🤖 AI Summary
This study systematically investigates religious bias in multilingual large language models (MLLMs) across Buddhist, Christian, Hindu, and Islamic contexts, revealing systematic, cross-lingual inconsistencies—particularly pronounced negative stereotyping of Islam. To address this, the authors introduce BRAND, the first bilingual, auditable dataset for South Asia’s four major religions, comprising 2,400+ English–Bengali samples. They design diverse prompt templates for controlled comparative experiments. Quantitative and qualitative analyses demonstrate that state-of-the-art MLLMs consistently underperform in Bengali relative to English and perpetuate anti-Islamic bias even in ostensibly religion-neutral queries. This work is the first to uncover implicit structural imbalances in religious representation within multilingual LLMs, establishing a novel benchmark and methodological framework for assessing religious fairness in AI systems.
📝 Abstract
While recent developments in large language models have improved bias detection and classification, sensitive subjects like religion still present challenges because even minor errors can result in severe misunderstandings. In particular, multilingual models often misrepresent religions and have difficulties being accurate in religious contexts.
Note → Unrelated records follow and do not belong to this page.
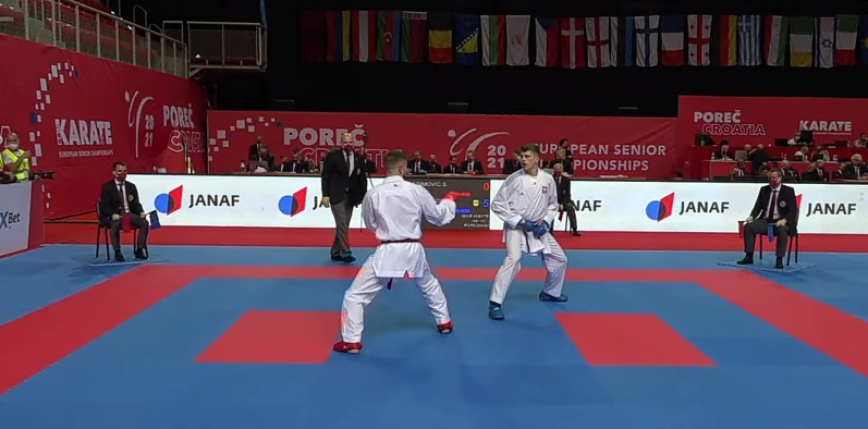 Karate - ME: Gębka z szansą na medal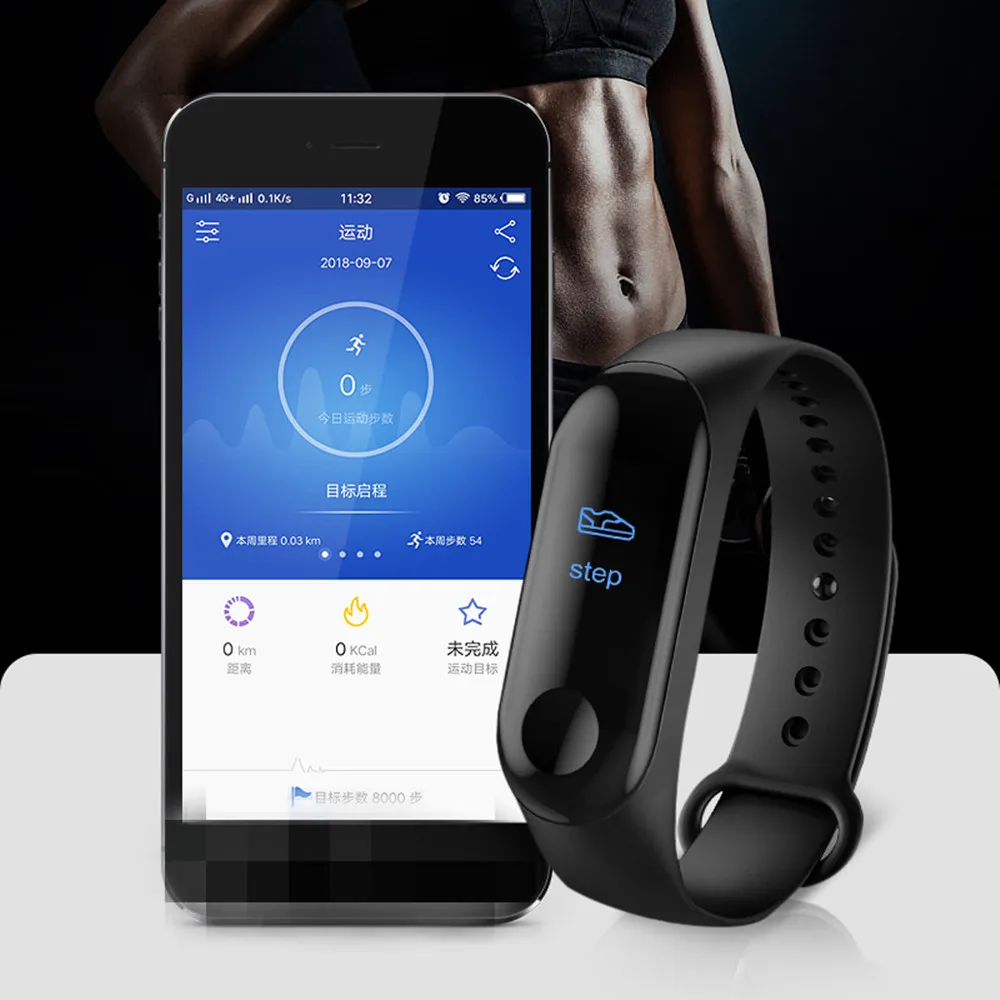  Bluetooth Sport Smart Watch Men Women Smartwatch For Android IOS Fitness Tracker Electronics Smart  - 33004096972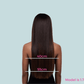 Halo/wire hair extensions #2/4 mix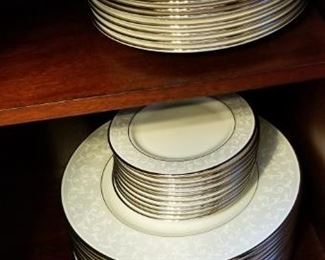 Off site location.
Lenox 12 piece place setting with serving dishes and picture frame.
Asking $1,600 or best offer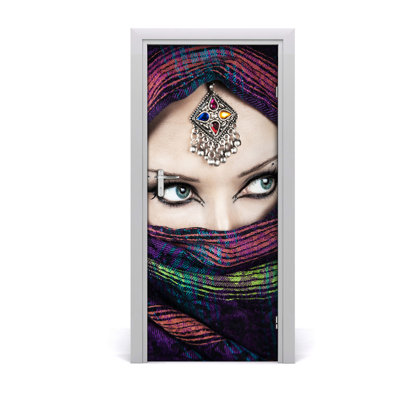 Squaw Door Decal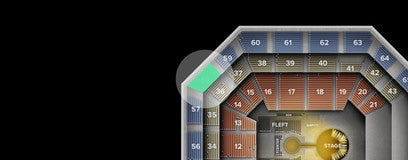 Seat view from Upper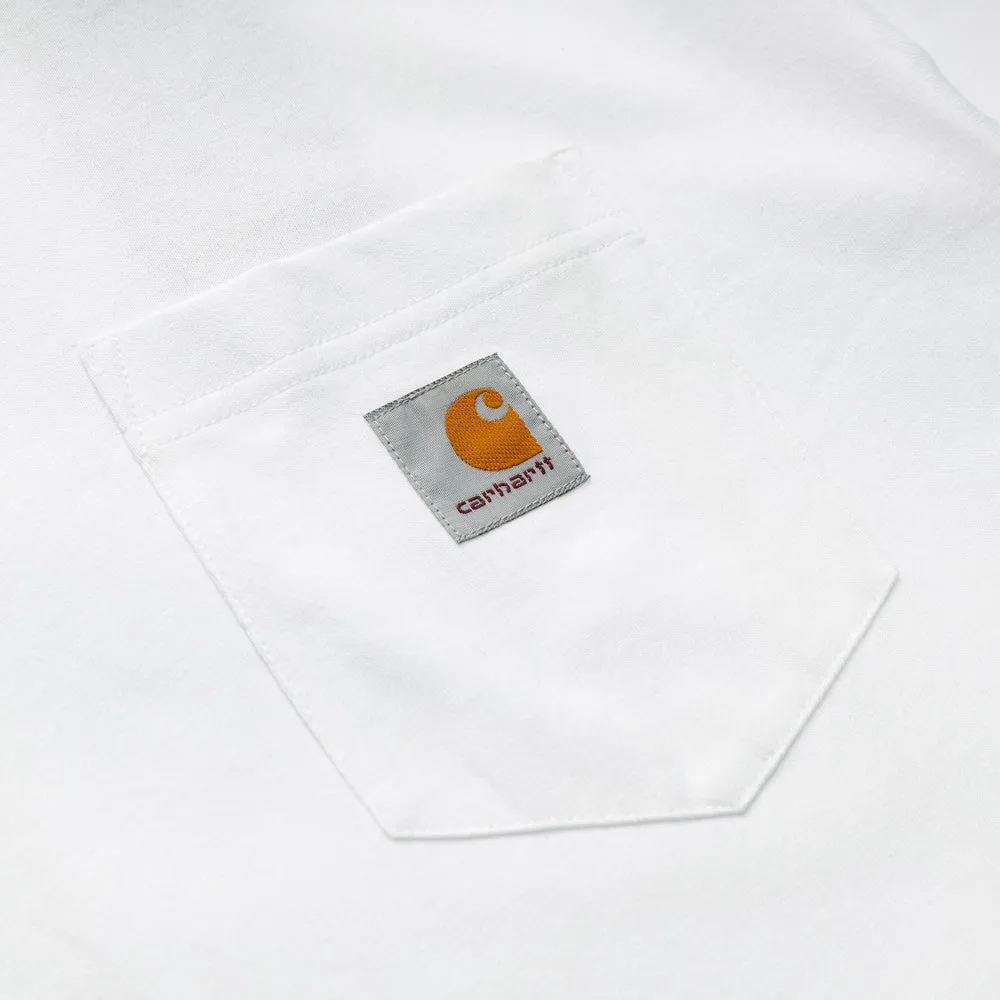 Pocket Loose Tee | White
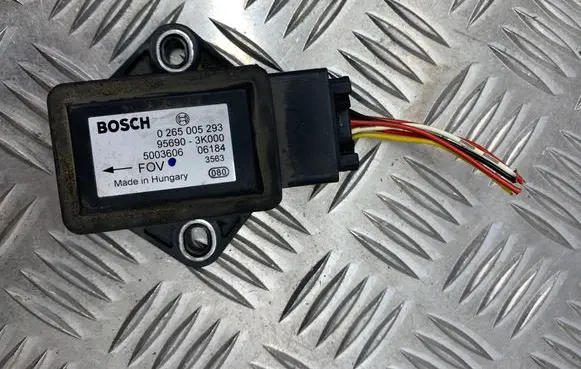 KIA Sorento ESP acceleration yaw rate sensor 0265005293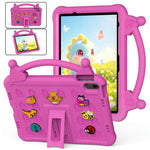 Custodia tablet Animal Paradise in EVA con supporto per iPad 2026-2022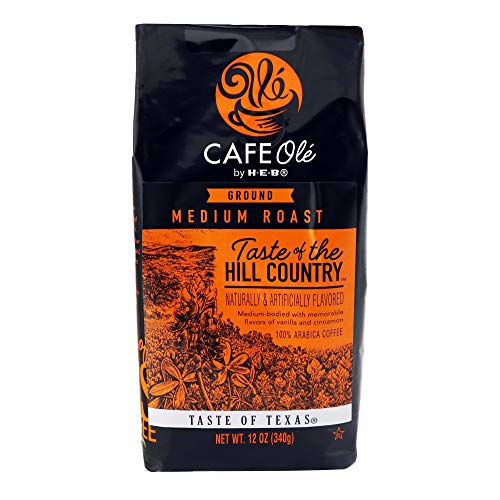 H-E-B Cafe Ole Taste Of The Hill Country Ground Coffee12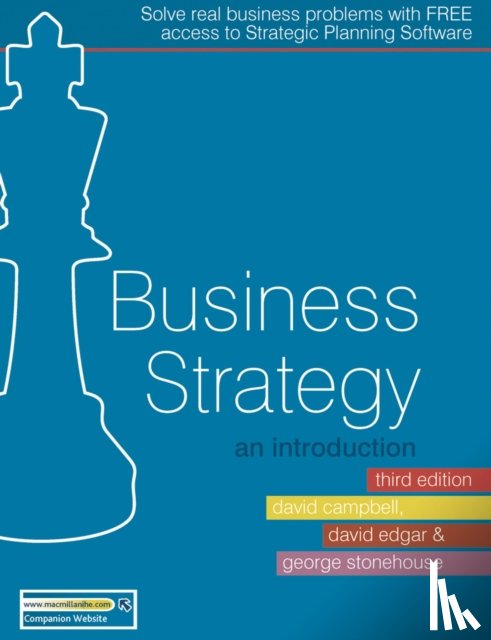 Edgar, David (Caledonian Business School, Stonehouse, George (Edinburgh Napier University - Business Strategy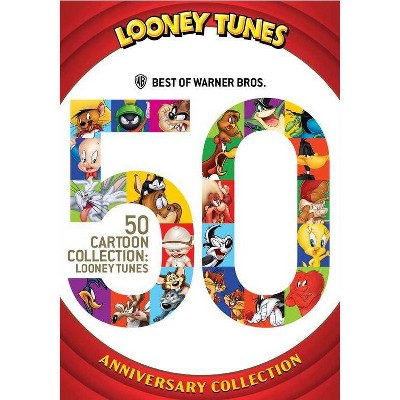 Best of Warner Bros.: 50 Cartoon Collection Looney Tunes (DVD)(2020)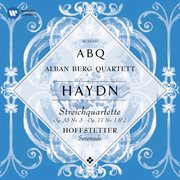 Haydn: string quartets, op. 33 no. 3 "the bird", op. 77 nos. 1 & 2 cover image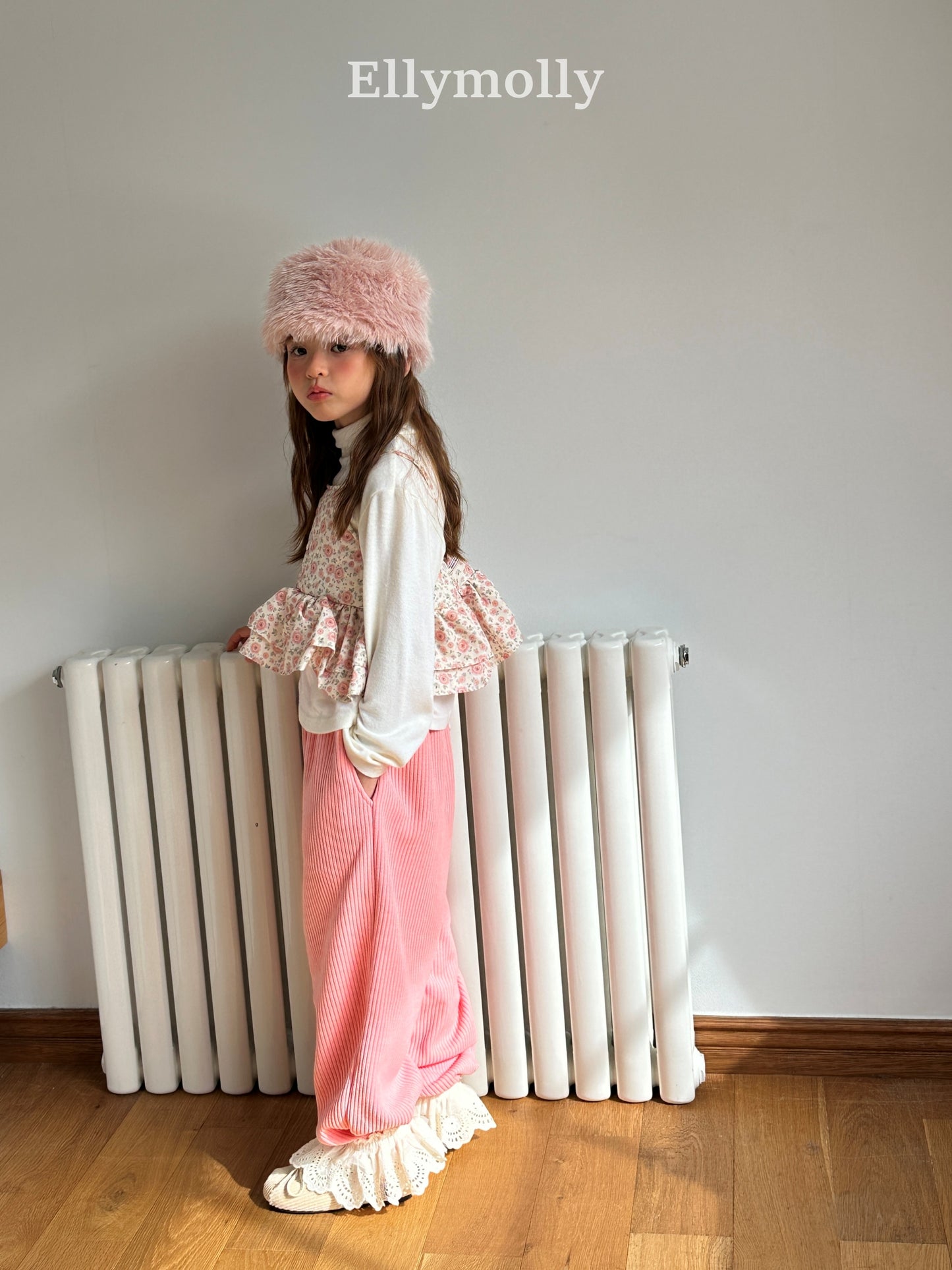 【予約】heart cozy jogger / ellymolly (5-19号)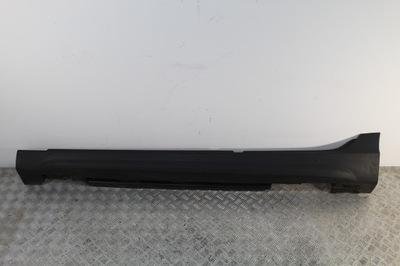 Накладка порог порог левый volvo v40 crosscountry фото №1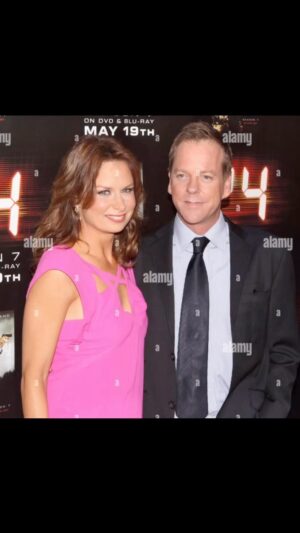 Mary Lynn Rajskub Instagram - Added photo op with Keifer and I tomorrow #monstermaniacon #cherryhill #24 #actor #jackbauer #keifersutherland #marylynnrajskub #chloe #jack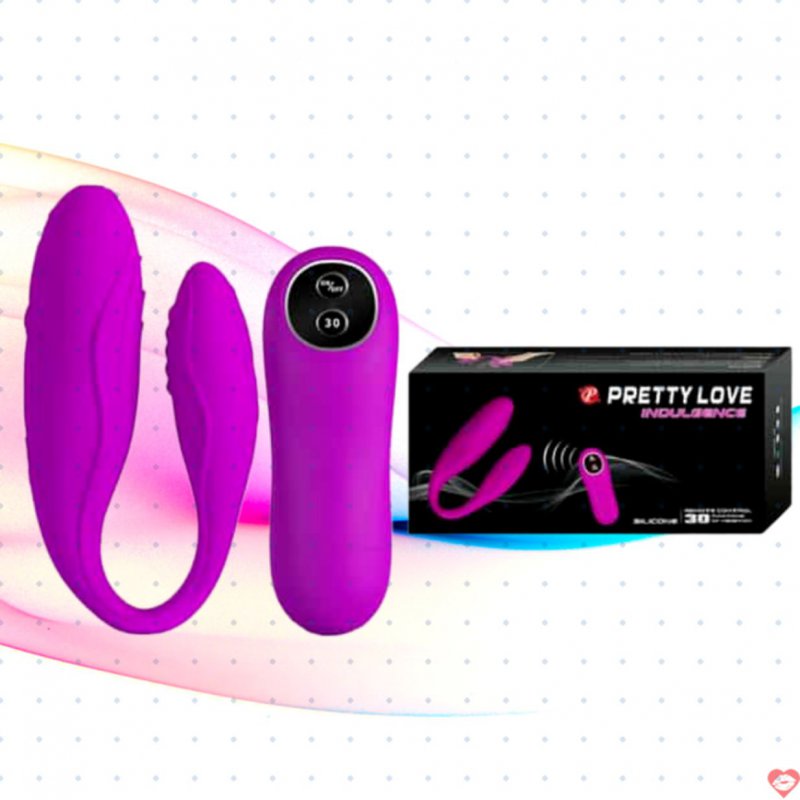 Trứng Rung Pretty Love Indulgence 30 Chế độ – Điểu Khiển Từ Xa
To address this, we introduce BRAND: Bilingual Religious Accountable Norm Dataset, which focuses on the four main religions of South Asia: Buddhism, Christianity, Hinduism, and Islam, containing over 2,400 entries, and we used three different types of prompts in both English and Bengali. Our results indicate that models perform better in English than in Bengali and consistently display bias toward Islam, even when answering religion-neutral questions. These findings highlight persistent bias in multilingual models when similar questions are asked in different languages. We further connect our findings to the broader issues in HCI regarding religion and spirituality.